Um, and it's difficult sometimes to tell if the narrative voice is critiquing that or just saying a memory of something that has happened in a neutral way that you know, is he having a neutral reflection on the racism of the time um, of you know, the the sort of when he was a child or is he just espousing it? It's difficult sometimes to to understand with that, but um I it's just a really interesting book in the kind of meditative quality that it takes, and it's had such a big impact, I think, on many other writers um because it's sort of a way of accessing memory in a very particular way. I know that I've done a writing workshop before where this where I remember blank blank blank was used as [snorts] a as a writing prompt um and I hadn't realized it was from this. Um so, for example, uh I remember selling blood every 3 months on Second Avenue. I remember a boy I once made love with, and after it was all over, he asked me if I believed in God.

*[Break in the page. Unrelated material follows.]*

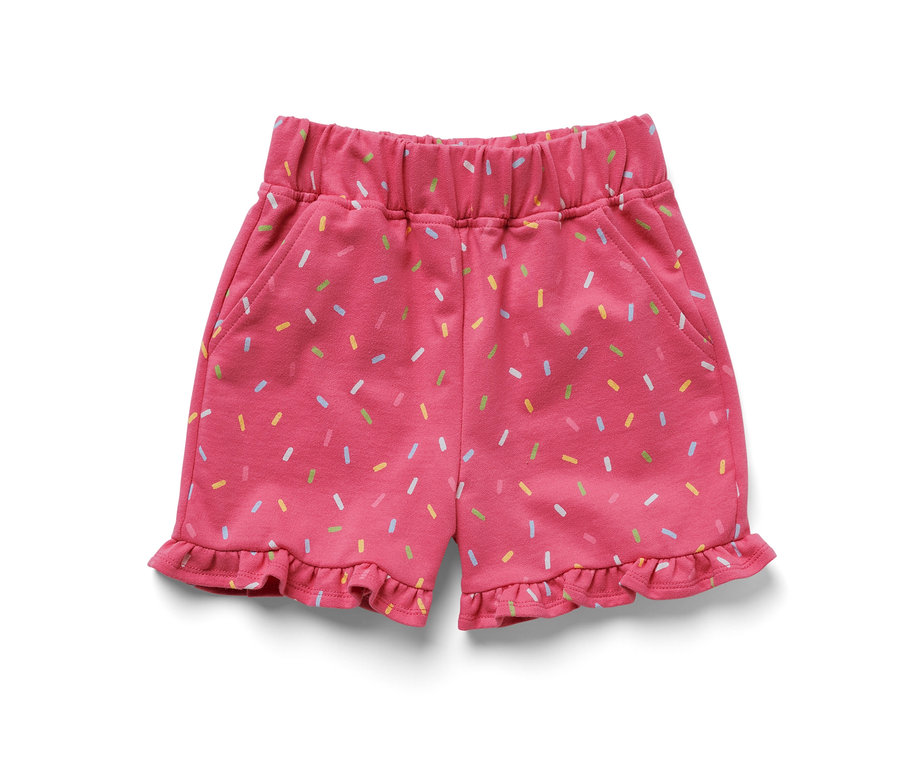 Short de survêtement rose pour enfants avec des motifs colorés.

I remember when I thought that anything old was very valuable. I remember Black Beauty. I remember when I thought that Betty Grable was beautiful.
I remember when I thought that I was a great artist. I remember when I wanted to be rich and famous. And I still do.
And it sort of goes on like this, and sometimes you'll get these longer passages, these longer stories, and sometimes it'll just be I remember Black Beauty, like the the book or the film, for example. Um and so, it's just these really odd musings that actually collectively make something really quite beautiful and quite profound. But it's just it's such a weird thing in some ways in its own way, and I kind of enjoy that about this book is that it's just a bit offbeat um but really quite engaging in its own way. So, those are the books that I've been reading this week. Um I hope you are keeping really well. I hope things are going well on your end. Take care and have a fabulous week. Bye-bye.